The required output is the exact run of lines from the one that contains "JN1EV7AP5JM351088 2018 INFINITI Q50 Белый" to the end of the data, with every picture left out.

§ **Supplied material**:
• • • • • • •

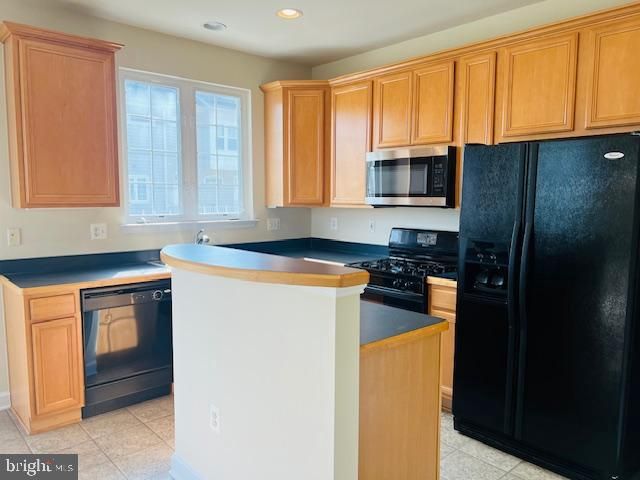 740 COLLINGTON CT, Woodbridge, VA 22191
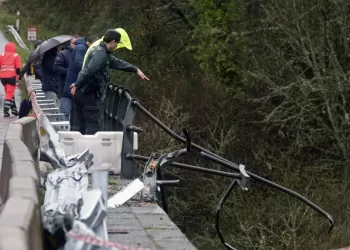 7th body discovered after bus plunged into Spanish river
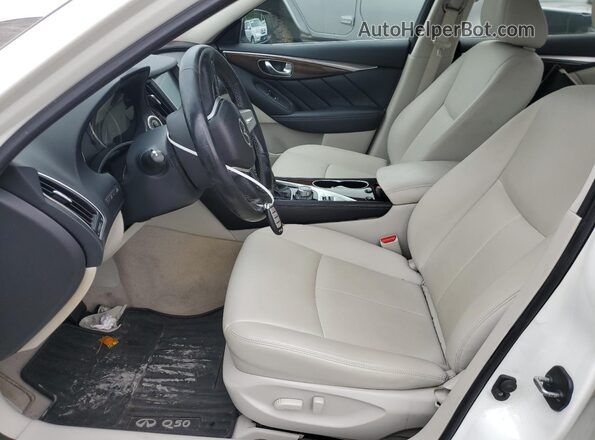 JN1EV7AP5JM351088 2018 INFINITI Q50 Белый 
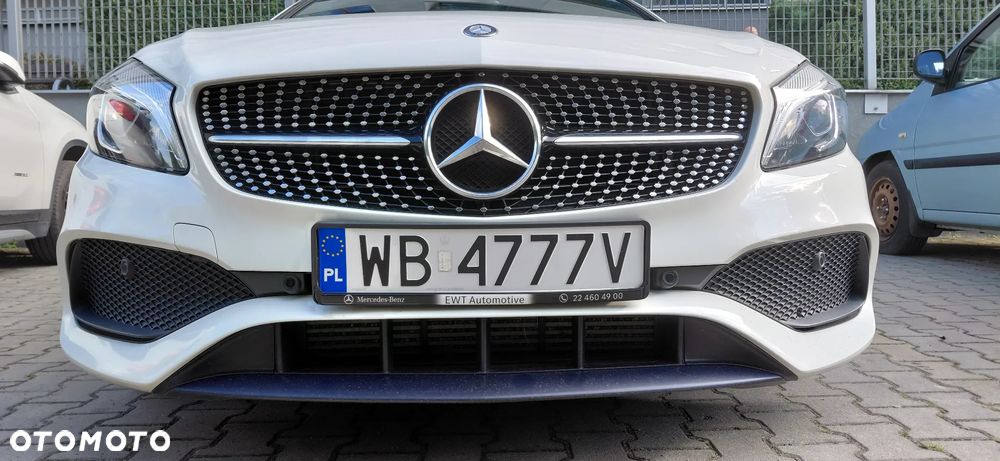 Mercedes-Benz Klasa A 220 4-Matic AMG Line - 3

• • • • • • •

§ **Answer area**:
 JN1EV7AP5JM351088 2018 INFINITI Q50 Белый 
 Mercedes-Benz Klasa A 220 4-Matic AMG Line - 3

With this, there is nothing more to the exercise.